You can lose your assets to creditors (from whom you have borrowed), to divorce or paternity suits, to false claims against your pocketbooks, or to the government for taxes owed.

What you have in your IRA or other qualified plan has some asset protection. But federal and state laws together determine when and how much protection those assets actually have, and from whom. That’s what this article is about.

Protected Qualified Plans:

The Bankruptcy Abuse and Consumer Protection Act of 2005 (BABCPA) established protection limits for several qualified plans:

* SEP (Simplified Employee Pension) IRA, SIMPLE (Savings Incentive Matching Plan for Employees of Small Employers) IRA, and all defined benefit and defined contribution employer retirement plans have unlimited creditor protection in the event of bankruptcy. This includes 403(b), 457, and government or church plans under code section 414

* Distributions from all employer defined benefit and defined contribution retirement plans retain creditor protection if rolled over to an IRA

* Traditional and Roth IRAs not created from qualified plan rollovers are subject to creditors, but only to the extent these accounts exceed $1 million,

* Employee retirement plan protection (including SEPs and SIMPLE IRAs, and non-ERISA retirement plans such as individual 401(k)s) now receive unlimited creditor protection during bankruptcy, regardless of ERISA.

Keep good records of all your transfers from qualified plans and transfer them to separate IRAs to maintain your unlimited protection.

Also note that a qualified plan is not considered an ERISA plan if it covers only the business owner (owner-only plans). Check your state law to see how these plans are protected.

Federal protection, when and from whom Unfortunately, this protection comes into play under bankruptcy, a federal process. The protection is from typical creditors (that is, those from whom you borrowed money).

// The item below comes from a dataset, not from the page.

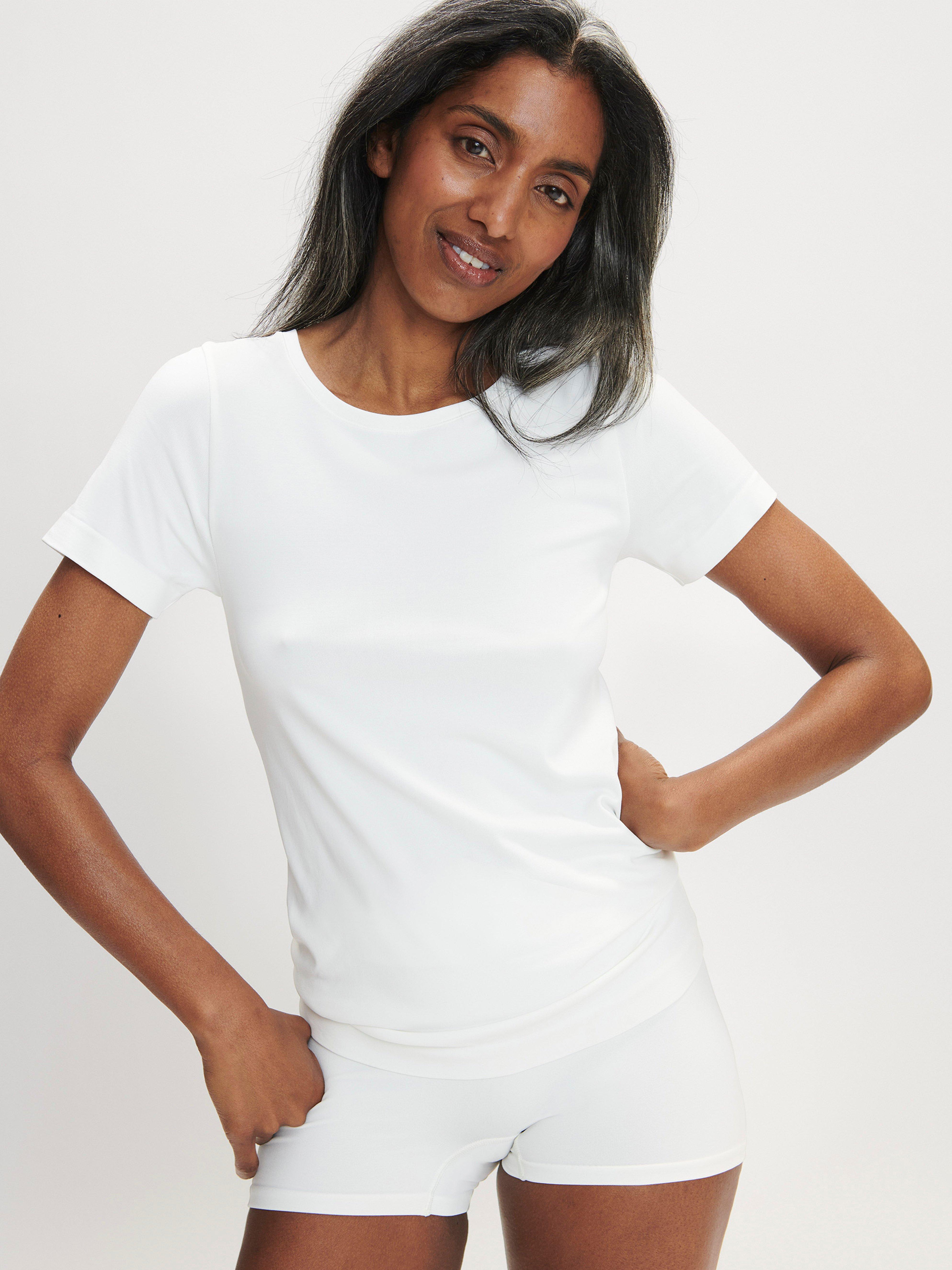 Klimakteriekläder – T-shirt – Femme Technique Blanc Léger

Does not include protection against qualified domestic relations orders (in which assets may be awarded to your former spouse or other alternate payee). It also does not protect you from IRS tax liens.

Where your state law plays a role:

For all legal actions that do not involve bankruptcy, your state law will determine how much protection your qualified plan assets have. So check what your state offers you for your plan.

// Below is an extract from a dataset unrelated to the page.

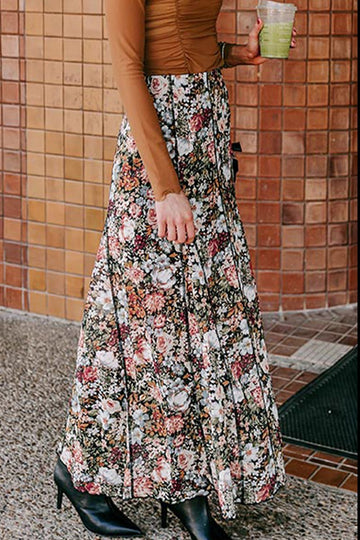 Jupe longue à taille élastique et à fleurs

Two areas where state laws vary on protection are:

1. retirement plan,

2. plans inherited to the beneficiary

Most states will exempt all qualified plan assets, but only while they are in the retirement account. Some other states limit how much is exempt from creditor actions. This amount may be set, possibly at $500,000, or only limited to what is ‘reasonably necessary’ to support the owner and his dependents if a claim is made against those assets.

Unfortunately, ‘reasonably necessary’ is vague. It may depend on your age, other property you have, and your obligations. It depends on a court and it depends on the lawsuit filed against you. Vague terminology like “reasonably necessary” always invites lawsuits.

Because IRAs are vulnerable under state law, you may find it worse to transfer your company-sponsored plan to your own IRA for better control of your retirement investments. Your state may offer much less IRA protection from creditors than your company’s plan.

Again, your state may not protect your plan assets inherited by your beneficiary from your creditors after your death. Check with your state. You may want to set up a trust as the beneficiary of your retirement account for better protection. Of course you can benefit those people you designate in the trust document as beneficiaries.

Remember that the bottom line to successfully protecting assets is to recognize who you are protecting them from and then position those assets accordingly – a task easier said than done!